Simplicity can be a curse. You go for ‘no make-up’ make-up and end up looking like a soccer mom standing next to Posh Spice in all your fb photos. Kondo your apartment too hard and it looks like a mental institution. Swap the wrong flour in one of the recipes on 101 Cookbooks, Heidi Swanson’s food blog, and instead of beautiful, plain rye cookies you end up with a lot of overwrought nothing. Simple is all about getting the details perfect, and if you’re the type of cook who doesn’t like to sweat them too hard, Swanson’s cooking might not be for you.
But! This book might be. I’ve heretofore flubbed everything I’ve tried to make from her site, but I bought Near & Far for the photography and words, and because Swanson’s first two cookbooks (Super Natural, Super Natural Every Day) have a formidable reputation. Now I’m a convert – this book gave me hit after hit, with a bundle of must-cook-now pages still jumping out.
And when you get Swanson’s food right, it can be sublime. It’s beautiful, it’s interesting, it encourages you to look at everyday ingredients in a way you haven’t before, it adds irreverent little touches that take a recipe from 8 to 10. She has a great eye for adding bits of sweetness into savory dishes and vice versa, and I loved her casualness about incorporating whole grains into baked goods like gougeres and madeleines (typically white flour bombs).

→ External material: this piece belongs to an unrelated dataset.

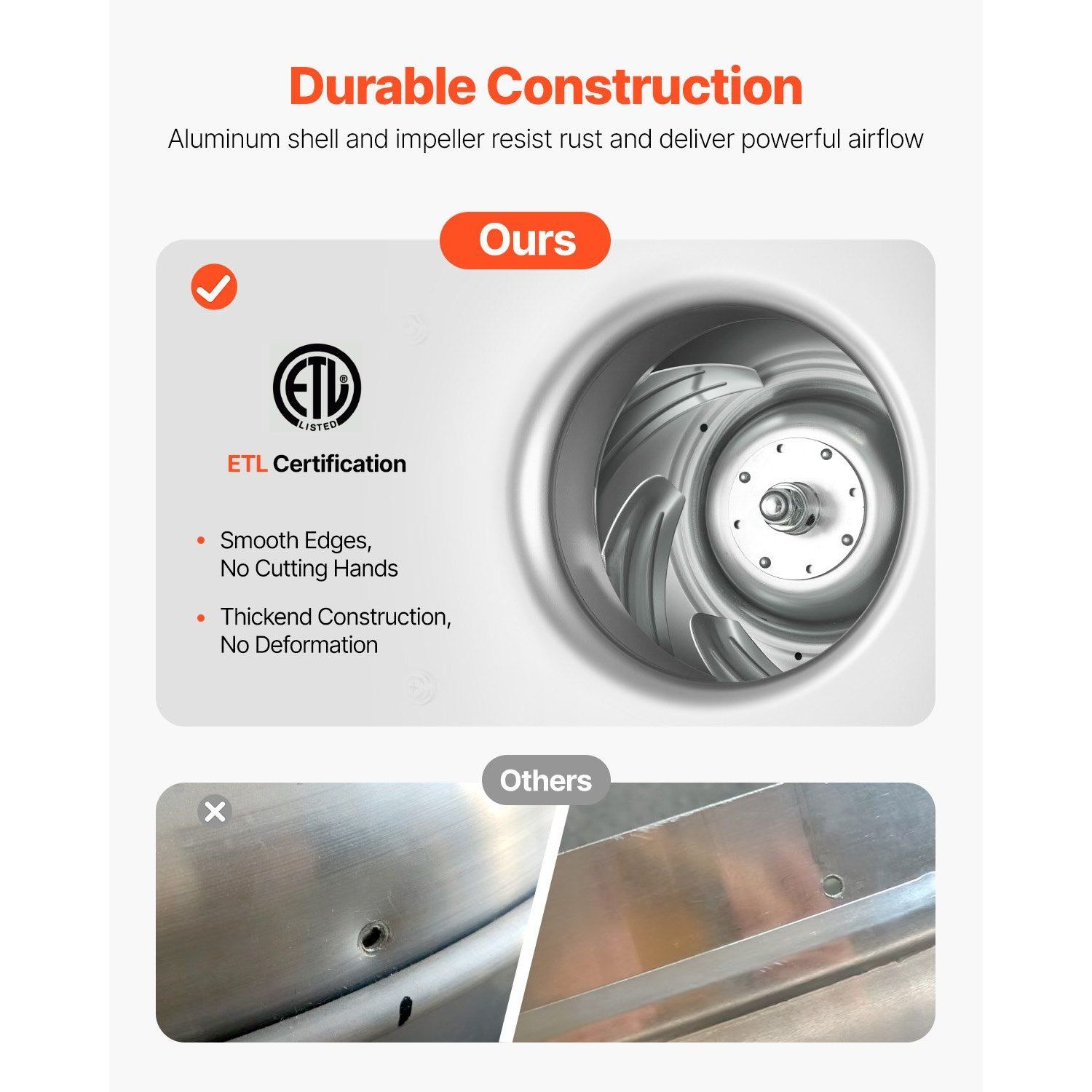 Ventilatore da Cucina Commerci - Commercial Kitchen Hood Exhaust Fans recensione e prezzo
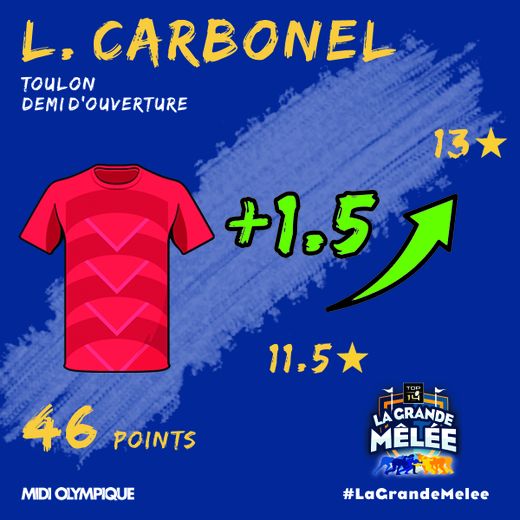 Louis Carbonel Top LGM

If you go wrong, you won’t have any major disasters, but dinner will be a little flat. People have been trying to sell salads for years by making them fancy. At Applebee’s, they add fried chicken; at Near & Far, they add little tweaks and twists like flower pepper and saffron honey to make sure you don’t just end up with a pile of wet vegetables. Now that the knowledge has been imparted, it’s on the home cook to dutifully reproduce these twists in full, lest you find your leftovers hidden in the back of the fridge weeks later, or your cookies the last ones on the holiday table.
The structure – a long chapter of food she likes to cook in her hometown, San Francisco, followed by smaller sections inspired by favorite travel destinations – is a good conceit if you might want to try a new-to-you cooking tradition but don’t want to commit to a full book. I mostly found myself pulling from California and Italy, no surprise there, but was also excited to try some of her Indian ideas, especially a buttery flatbread. She also has great ideas for food to eat while in transit, and ways to tweak bulk items like brown rice and pot beans to make them just a little more interesting, worthy of the dishes that they’ll be served with.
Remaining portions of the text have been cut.